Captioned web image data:
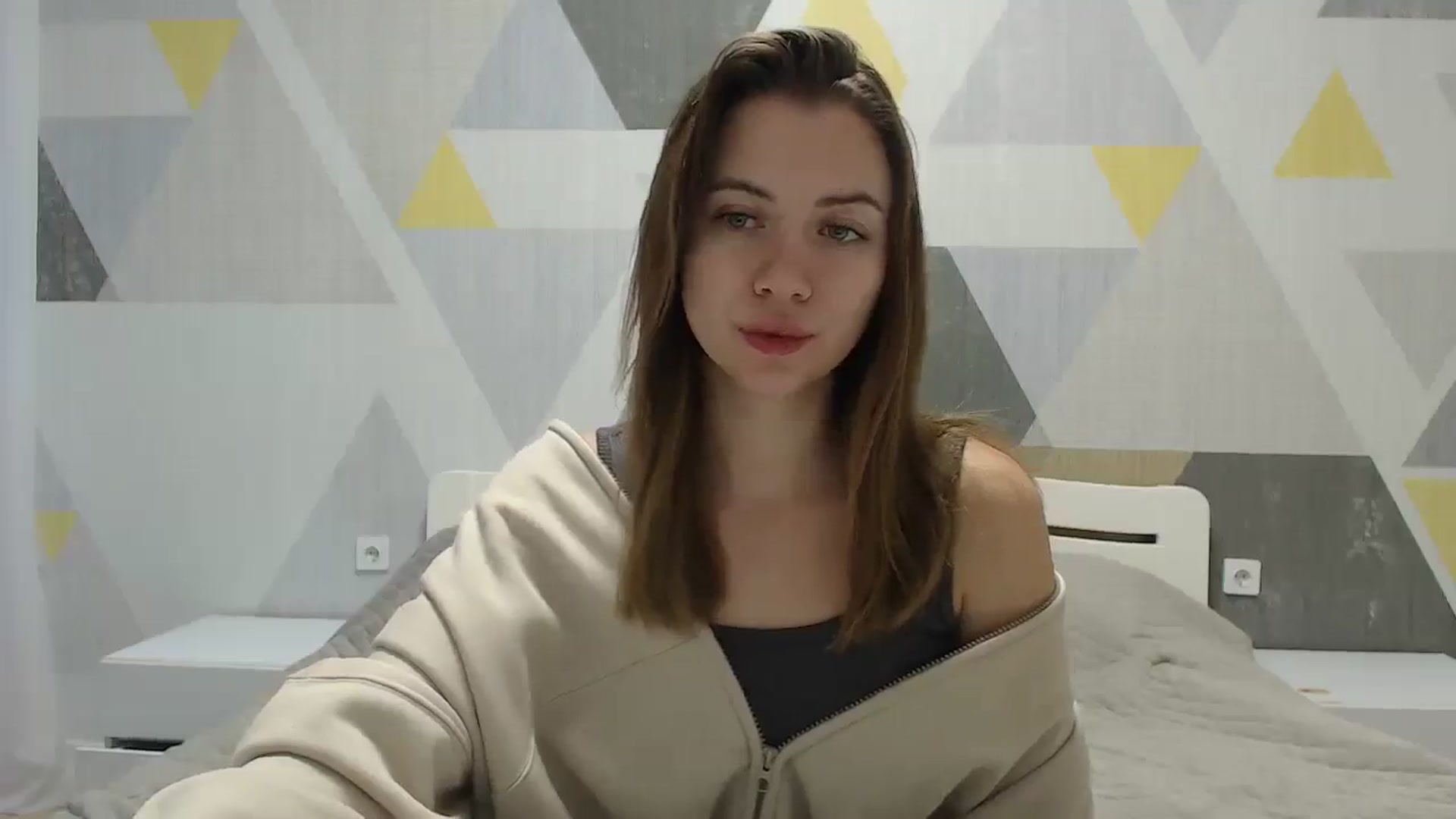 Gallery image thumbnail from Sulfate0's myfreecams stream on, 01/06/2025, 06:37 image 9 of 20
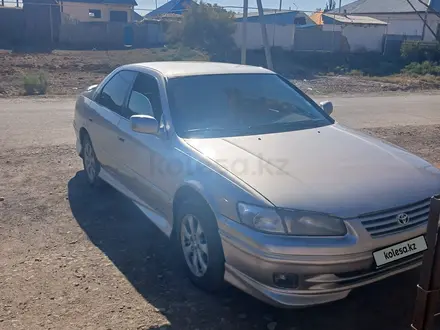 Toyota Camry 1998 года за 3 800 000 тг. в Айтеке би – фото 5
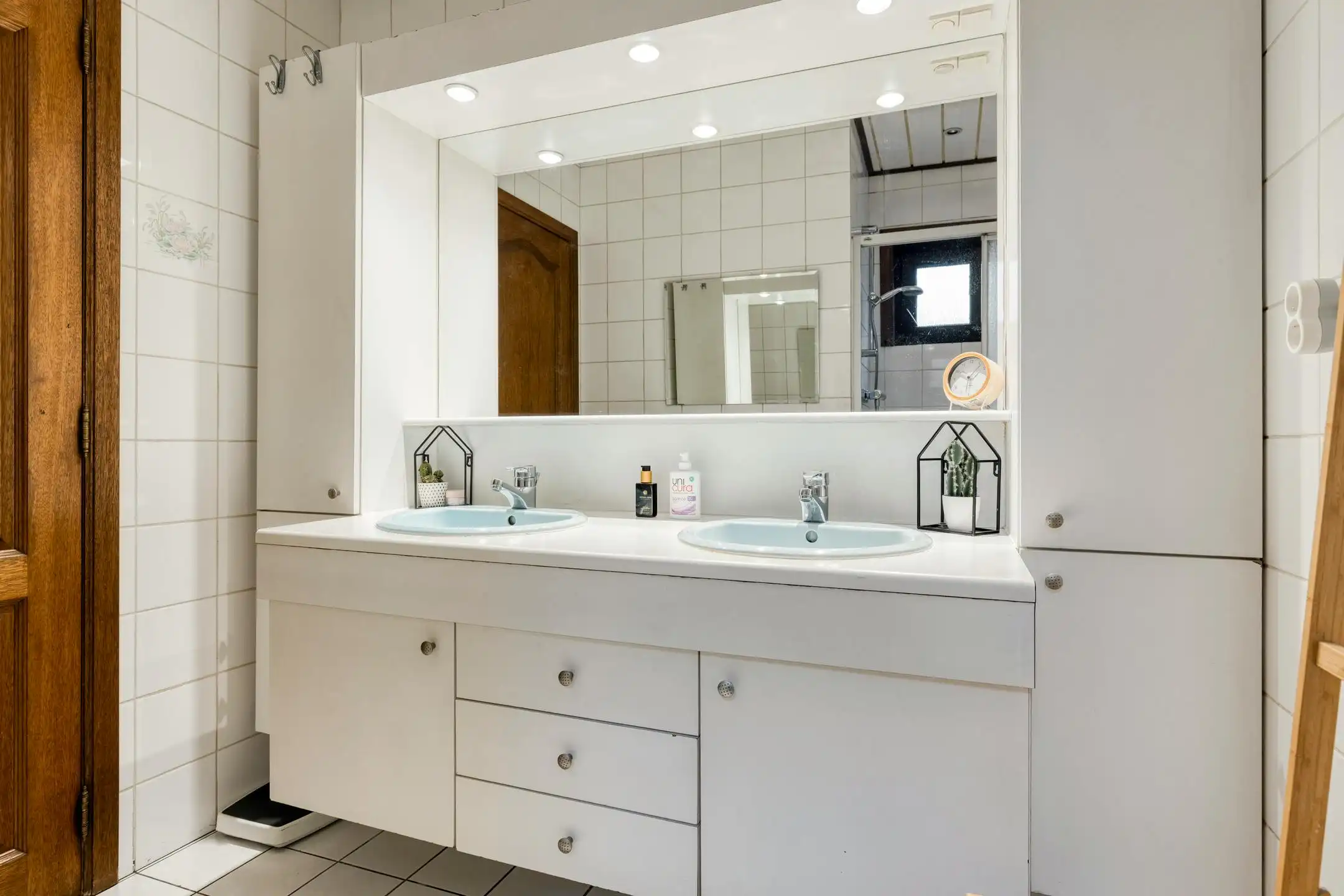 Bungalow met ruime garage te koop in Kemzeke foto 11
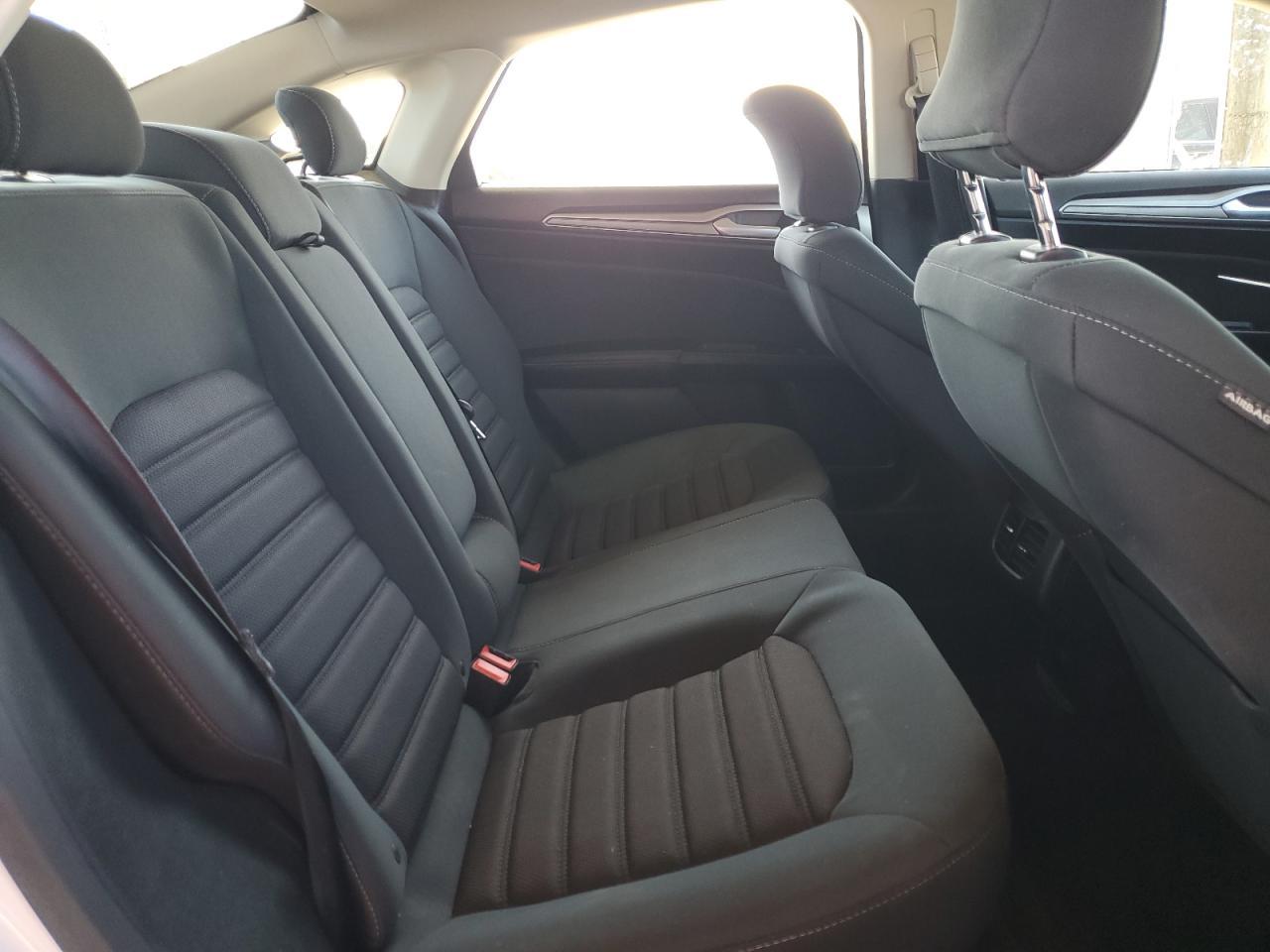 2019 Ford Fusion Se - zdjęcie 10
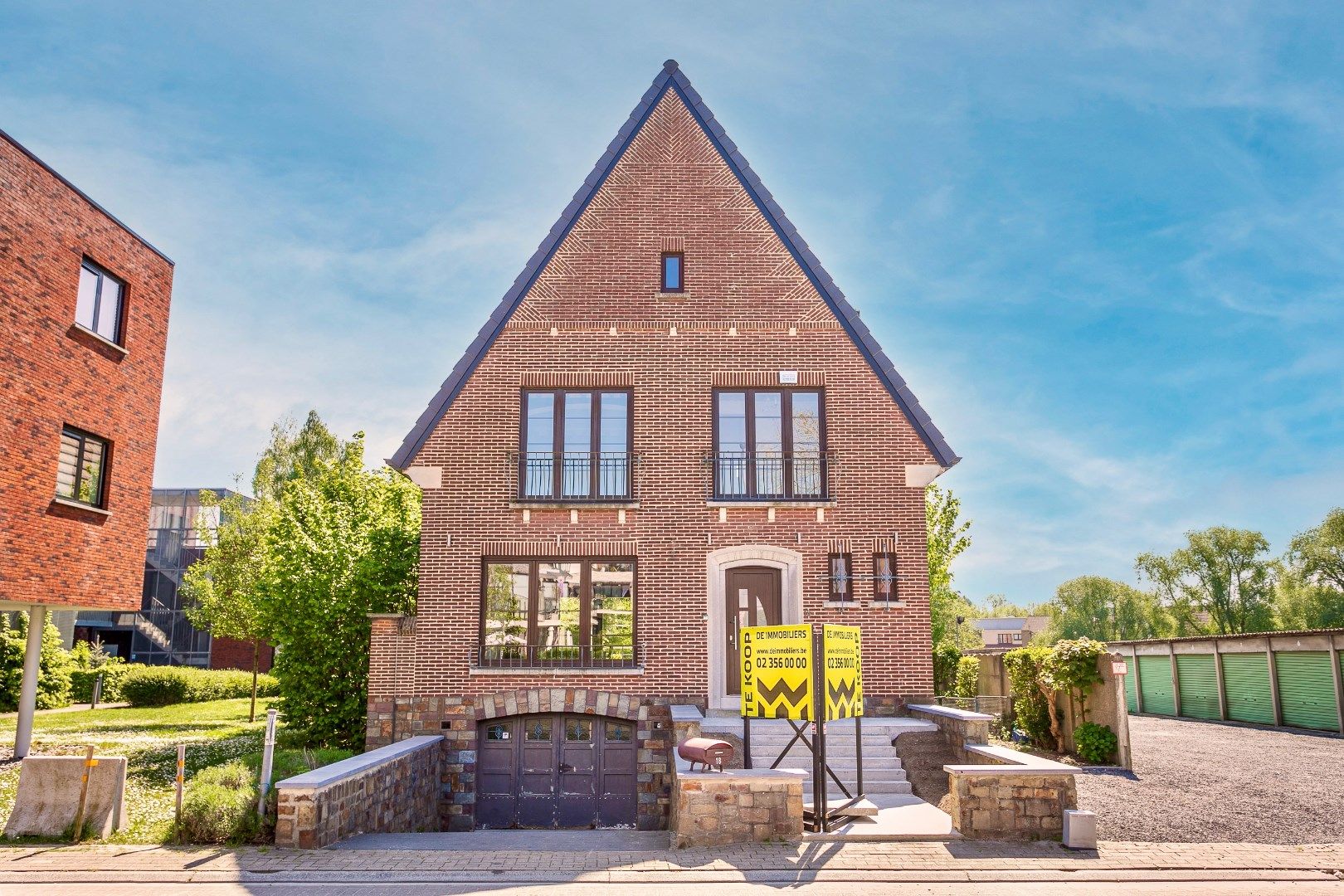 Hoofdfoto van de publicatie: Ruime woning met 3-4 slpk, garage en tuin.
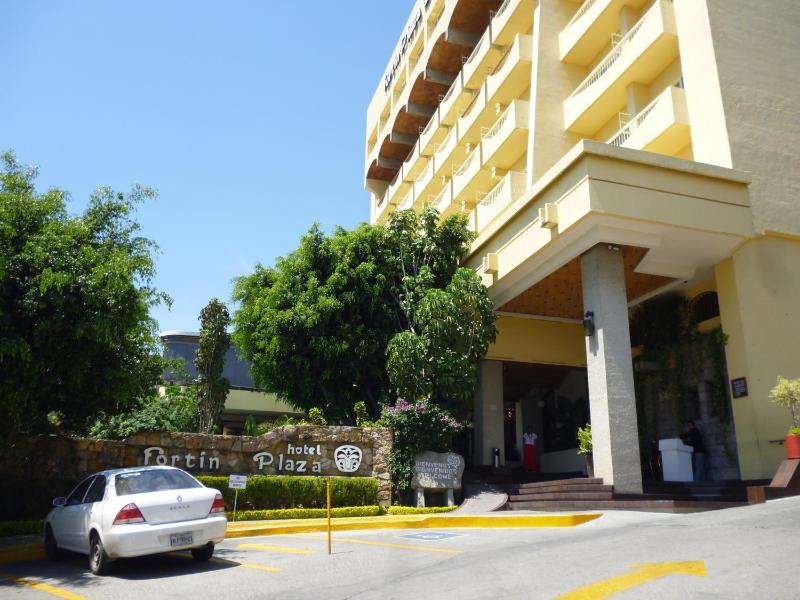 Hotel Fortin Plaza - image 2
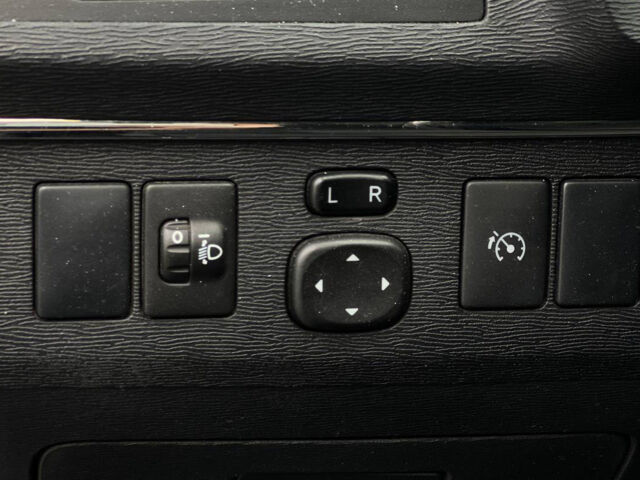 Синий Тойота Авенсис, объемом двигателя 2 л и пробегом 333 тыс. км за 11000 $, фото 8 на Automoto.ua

(Task instructions): Print, exactly and without pictures, the lines from the one holding "2019 Ford Fusion Se - zdjęcie 10" through the last line of the entries above, both included.

(Written reply):
 2019 Ford Fusion Se - zdjęcie 10
 Hoofdfoto van de publicatie: Ruime woning met 3-4 slpk, garage en tuin.
 Hotel Fortin Plaza - image 2
 Синий Тойота Авенсис, объемом двигателя 2 л и пробегом 333 тыс. км за 11000 $, фото 8 на Automoto.ua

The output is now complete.